Multimodal AI systems that combine audio, visual, and text analysis are becoming sophisticated enough to understand complex video content in ways that single-mode AI cannot. A new research system called Vortex demonstrates how fusing multiple types of information, speech recognition, optical character reading, and visual embeddings can dramatically improve how machines search and understand video libraries.

What Makes Multimodal Video Understanding Different?

Traditional video search relies on a single type of information, like keywords or visual similarity. But real-world videos contain layers of meaning: spoken dialogue, text on screen, visual objects, and temporal sequences of events. Vortex, developed by the FocusOnFun team for the Ho Chi Minh City AI Challenge 2025, integrates multiple AI models to extract meaning from all these layers simultaneously.

The system uses several complementary approaches working together. Whisper, an automatic speech recognition model, transcribes audio with temporal alignment, meaning it knows exactly when each word was spoken. Qwen2.5-VL, a vision-language model, reads text visible in video frames through optical character recognition and generates natural language descriptions of what it sees. Meanwhile, CLIP and SigLIP2, two different embedding models, create mathematical representations of visual content that capture both broad semantic meaning and fine-grained details.

The key innovation is how these different data streams are combined. Rather than treating each model's output as separate, Vortex uses a technique called Reciprocal Rank Fusion to merge their results into a single, optimized ranking. This approach balances the strengths of each model, preventing any single perspective from dominating the search results.

How Does Multimodal AI Handle Complex Video Tasks?
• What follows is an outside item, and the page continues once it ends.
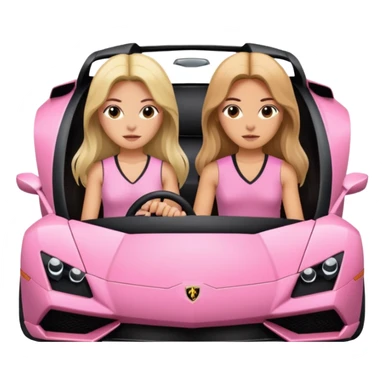 Make car far away so I can see full car Car facing forward in sports car. Make hair long  two girls in car far away Front of car sitting in the seats. Make it a pink sports car. They are two baddies make it a Lamborghini pink car  sticker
The competition that tested Vortex included four increasingly difficult tasks. The first, textual known-item search, asks the system to find a specific video segment based on a natural language description, like "find the scene where someone opens a red door." The second, video known-item search, requires finding a matching segment based on a short query video clip rather than text. The third task, question answering, demands that the system not only locate relevant video but also understand its content well enough to generate an accurate textual answer. The most complex task, temporal retrieval and alignment of key events, requires the system to find an entire sequence of described events and match each one to the correct moment in the video.

Vortex achieved a score of 79.6 out of 88 points, or 90.5% accuracy, in the preliminary round. In the final round, it earned "Excellent" overall performance with "Outstanding" results specifically on the question-answering task. This suggests that combining multiple AI models creates genuine advantages for understanding video content that goes beyond what any single model could achieve alone.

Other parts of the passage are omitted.